Activity. The data must be reproduced verbatim; images are to be omitted.

Stored data.

━━━━━━

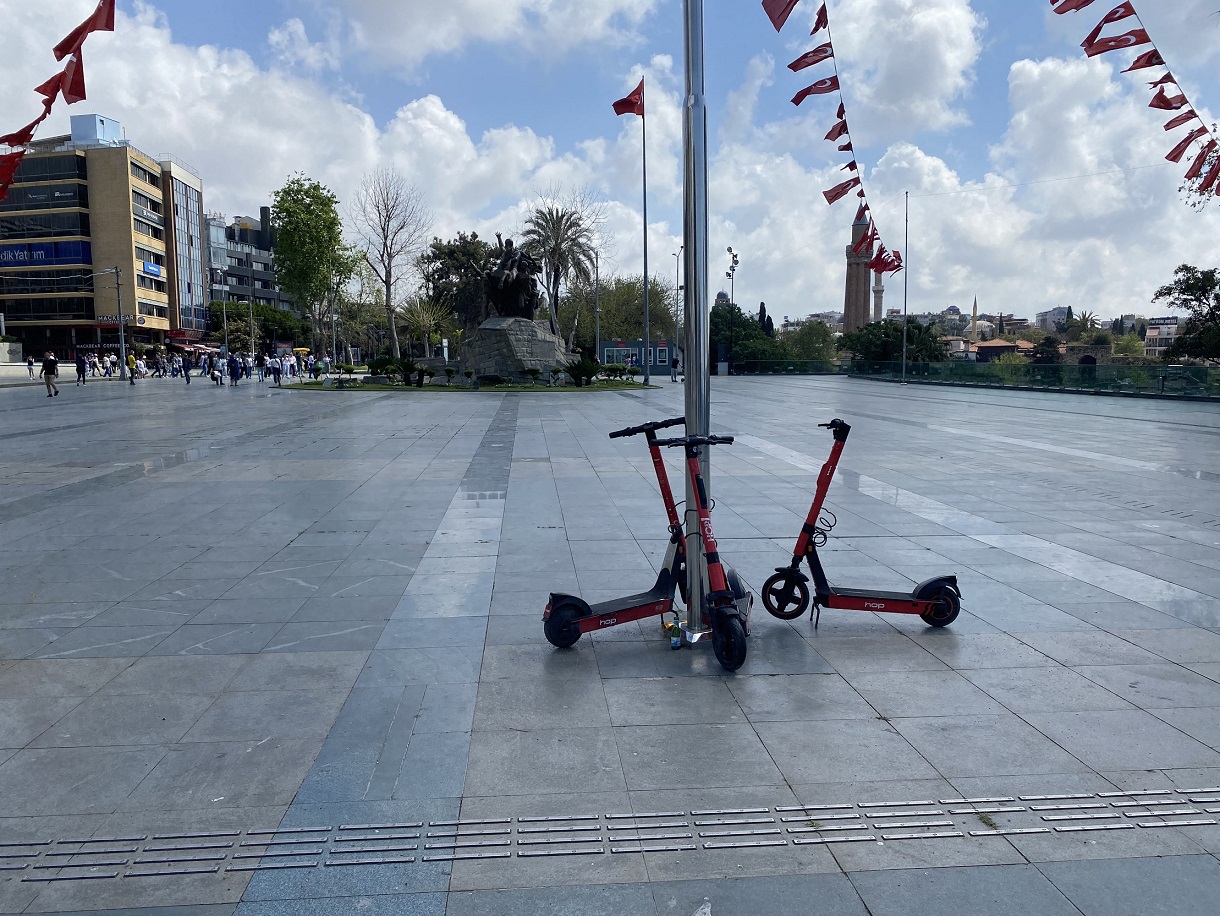 Antalya’da Scooterlara ‘Kepez’ Yasağı (3)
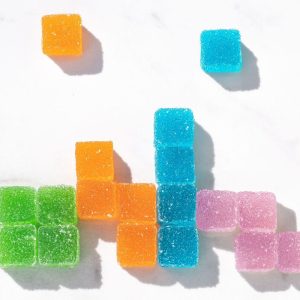 Broad Spectrum Vegan Single/Bulk CBD Gummies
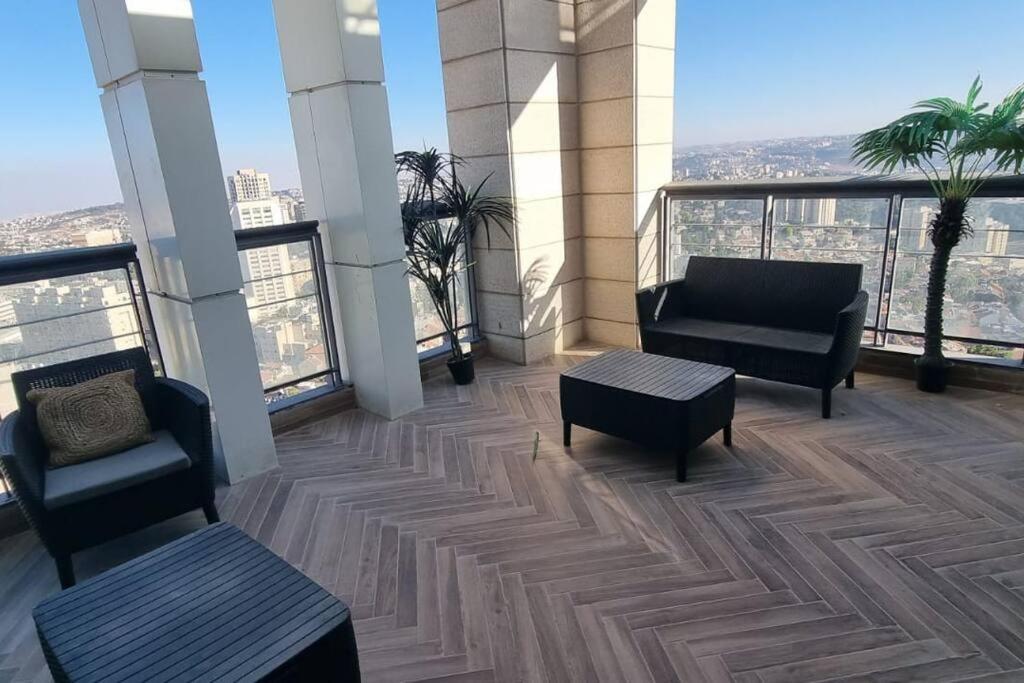 Jtower Royal Suites - The Penthouse - Alefimmoed Jerusalén Exterior foto
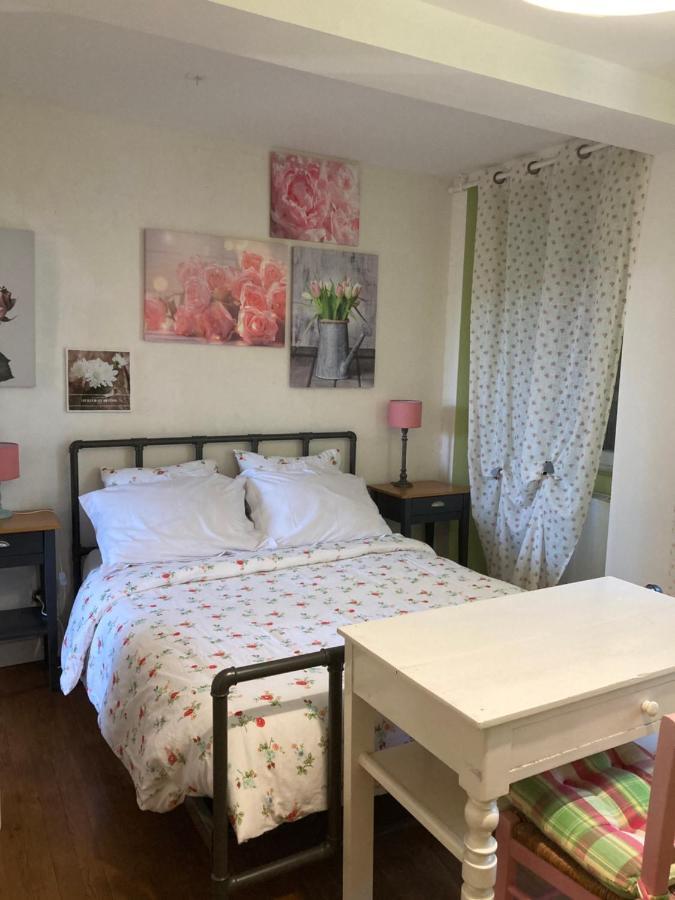 Les Chambres D'Agath'Anes Ganac Bagian luar foto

━━━━━━

Answer box.
 Antalya’da Scooterlara ‘Kepez’ Yasağı (3)
 Broad Spectrum Vegan Single/Bulk CBD Gummies
 Jtower Royal Suites - The Penthouse - Alefimmoed Jerusalén Exterior foto
 Les Chambres D'Agath'Anes Ganac Bagian luar foto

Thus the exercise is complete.